Enarbolar la bandera de la igualdad con el fin de sentirnos humanamente superiores. Acaso la frialdad escénica pueda deberse al tipo de actuación empleada, alejada de toda pasión verdadera. No es que esta obra no sea por esto sumamente valiosa, sino que simplemente no ha sido para nosotros un acontecimiento como la mayoría de las obras dirigidas por Tolcachir (nos referimos por supuesto sus obras creadas para el circuito off).
La obra de Diament es una obra comercial con pretensiones artísticas, esto justifica el poco suspenso, silencio y vacío. Los textos teatrales de esta naturaleza (comercial) generalmente dicen todo, así el espectador puede adoptar una actitud totalmente pasiva. Deja poco sitio a la imaginación poética en su intento de resultar más contundente. Lo único que no alcanzamos a comprender del todo es la decisión final de la protagonista, aquello que la inspira a prestar ayuda al atacante de su mejor amiga, su decisión a disminuir de alguna forma su condena y no sabemos si ha sido solamente un arrojo de compasión o si realmente se ha convencido de la transformación del penitente en un hombre de paz.
Al contrario de “Tierra de Fuego”,“Animales nocturnos” está plagado de momentos misteriosos[2], hay mucho más de lo que no se dice que dota al montaje de un espesor fascinante. Resulta más complejo en tanto que los personajes muestran lo peor de sí mismos y este rasgo es al mismo tiempo, su mayor virtud. Un rasgo de carácter que les ha permitido seguir la vida que llevan, sobrevivir.
Al igual que la obra de Diament, el extranjero es alguien cercano al crimen, aún cuando, en la obra de Mayorga, solo se trate de no pedir permiso para habitar un espacio por el que se pretende trabajar con honradez. Es un crimen en tanto que infringe las políticas de inmigración que no permiten a un no nacido en España (en este caso) radicar definitivamente en el país sin un empleo fijo, con todos los trámites que esto supone. En “Animales nocturnos” se trata el tema de la extranjería retratando el problema de la inmigración y del abuso descarnado y absurdo de poder.
El montaje de Carlos Tuñón presenta la historia de un hombre que descubre que su vecino habita el país de forma ilegal y decide aprovecharse de la situación en beneficio propio a base de chantaje y mermando con sus exigencias la dignidad del otro, que obedecerá solo, para poder seguir ahí donde ha decidido depositar sus esperanzas. Cada uno estos hombres representa un polo de la animalidad del hombre, está el salvaje y el apacible, el depredador y la presa. Todo depende de quién tenga la posición de ventaja, en este caso aquel que ha nacido en el país es más poderoso que el habitante ilegal, aun cuando ambos trabajen y que el segundo tenga valores más humanos.

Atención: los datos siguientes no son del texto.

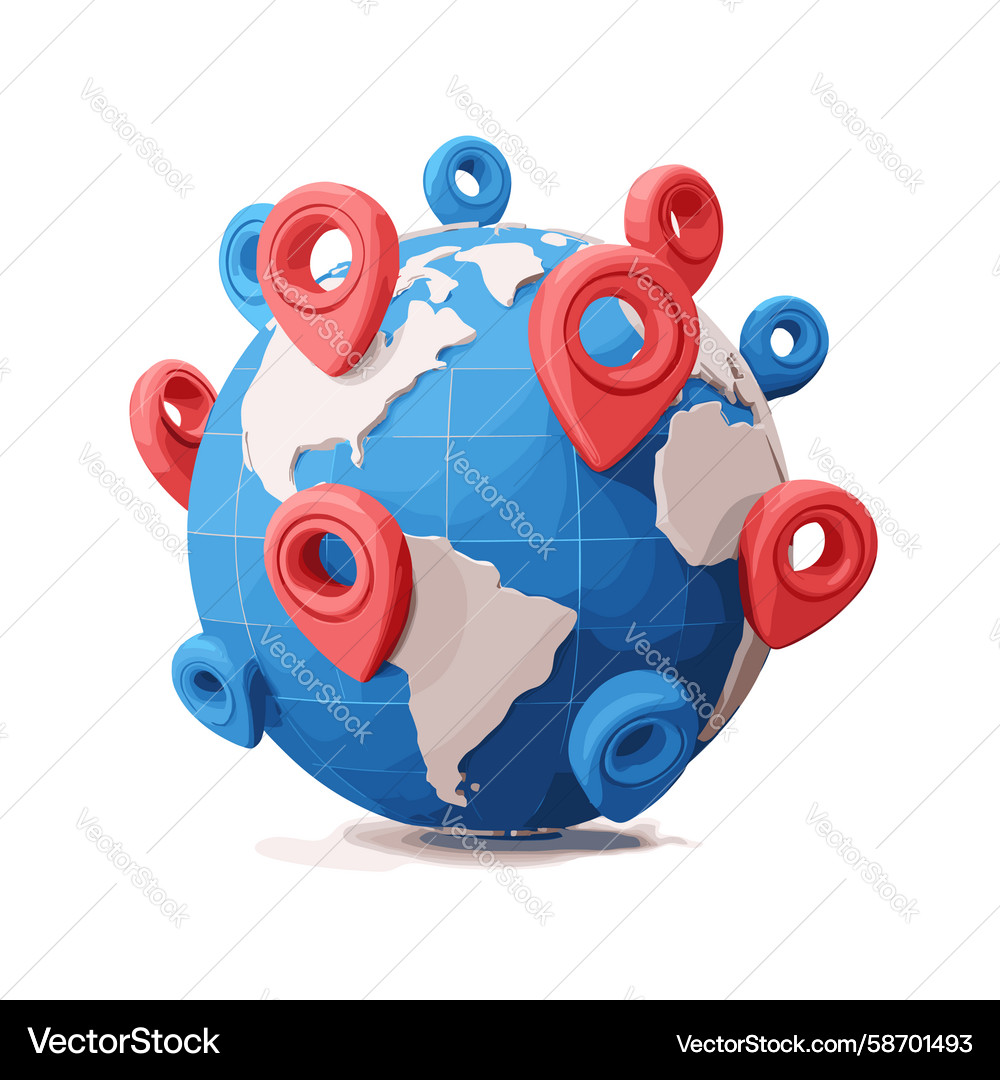 Global map with location markers indicating Vector Image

“Animales nocturnos” se configura a partir de una metáfora profundamente bella, entender al mundo desde la realidad de los animales en cautiverio y es que no somos otra cosa que salvajes que han aprendido a disfrazarse para dominar al mundo aún cuando esto suponga esclavizarse a él. Nos deleitamos con nuestra libertad ficticia y padecemos pasivamente cuando alguien amenaza nuestra felicidad. Simplemente porque es más cómodo. Sobre la discriminación, la sutileza de la pluma de Mayorga, consigue que el espectador comprenda que todos somos refugiados de algún lugar y que las leyes de exclusión han sido llevadas al absurdo.
Se trata de un teatro compasivo, humano, fundado en la misma esencia de las relaciones humanas, el encuentro del uno con el otro, la reacción ante la diferencia. La metáfora se materializa en una escenografía perfecta, un cubo de madera que simula las cajas cerradas por la noche de los zoológicos, donde a veces se transportan a las bestias. Todos somos peligrosos. Aún en cautiverio. La caja diseñada por Alfonso Pizarro, se despliega para mostrar los apartamentos de los protagonistas y se cierra cuando la escena ocurre en cualquier exterior, un café, una oficina, un asilo, el zoo. La escenografía logra la creación de un universo cerrado. Ideal para la trama.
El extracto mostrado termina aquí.